I have more details on Oregon Public Broadcasting‘s new News Bureau that’s opening up next month. I spoke with Morgan Holm, Vice President of News and Public Affairs at OPB, last week and he was more than happy to fill in the blanks for me.

First off, it’s primarily for OPB Radio, though the stories will be posted on their website as well. The Bureau will cover all of Central Oregon, not just Bend, and what strikes me as being very cool is the fact that this is almost more of a "virtual" bureau—the reporter will record and file stories on a laptop (with portable audio equipment) and post them to the OPB server (either via email or FTP) as MP3 files. No studio necessary.

This is a much more grassroots and modern direction to take, and definitely shows that OPB is thinking a lot about these issues and about how to do radio (and news) in the modern era of wireless, ubiquitous internet and blogs and podcasts. (OPB does have a podcast feed, incidentally, and you can listen to their radio stream live online.)

Here’s a few snippets from the article Holm wrote for the OPB July Member Guide, which he was kind enough to forward to me:

OPB Radio began broadcasting in Bend in 1986. Since that time, OPB has been represented in the area primarily by excellent engineers who work hard to keep both our radio and television signals on the air. Beginning in July, though, we will open our first news bureau in the region to expand our coverage of central Oregon. We are re-assigning a position from our Portland newsroom, and we have hired Ethan Lindsey to fill that position.

In the early 1990’s, OPB brought Oregon Considered, our daily news program, to Bend for an entire week each summer. Back then, it took two people and a trunkload of cassette tape machines, reel-to-reel tape decks, phone coupler units and microphones to produce the show. Central Oregon Community College allowed us to use their board room to set up a mini-studio for our live broadcast each afternoon. Those shows “on the road” were great opportunities for us to meet people and hear stories that we wouldn’t have encountered during a quick trip to the area or through covering a story by phone.
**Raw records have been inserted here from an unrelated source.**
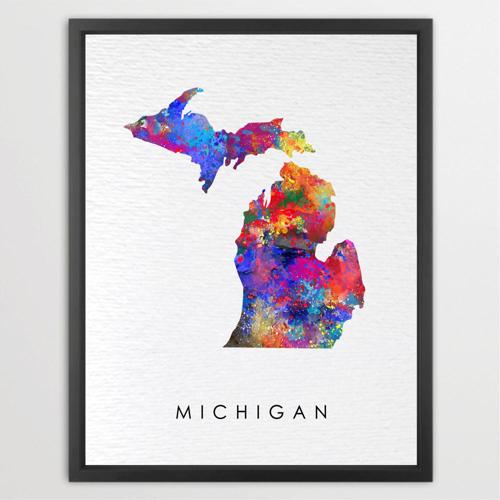 Dignovel Studios Unframed Michigan Abstract Map Art United States Watercolor Art Print Home Decor Hanging DN956
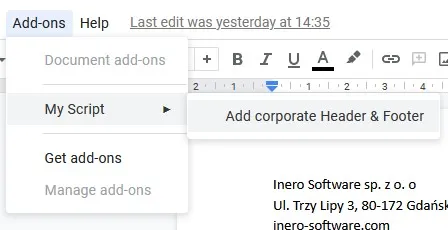 adding corporate header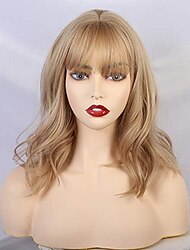 Parrucca bionda da 16" con frangia parrucche sintetiche ricce corte per donna parrucche per feste natalizie parrucche barbiecore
Today, we can put together news stories and entire shows with much less equipment. OPB’s reporters record interviews on machines that use Flash card memory (the same little cards you find in a digital camera). A laptop computer has all the necessary software to produce top-quality audio stories. And instead of filing those stories by phone, our reporters can e-mail them or send them to an FTP server, often using a wireless connection. All of that equipment fits in a modest bag that can be carried over the shoulder. In short, it’s much cheaper and easier to set up a bureau virtually anywhere, and our reporters can file the same high quality stories as they can when working out of a studio.

(I added the links and emphasis.)

This is also their first satellite bureau (outside of one in Salem), so this will be something of an experiment for OPB as well. In addition, assuming all goes well with the News Bureau, Holm talked about exploring the possibility of isolating a radio signal in Bend in order to be able to broadcast for Bend only—hyper-local and not piggybacking on another signal/station. That’s still up in the air, though, so there’s no saying (yet) whether that would consist of all-local news or general OPB broadcasts.

Also a possibility: launching a local talk show/call-in show around the first of the year. Again, up in the air, but it sounds like they might send another reporter over to Bend for that.

This is all very cool. I’ve subscribed to a number of the OPB RSS feeds and I’ll be watching closely in July to see when they go live (most likely the second week) and keep track of the local news being generated. I’m quite sure I’ll be blogging more about this during that time.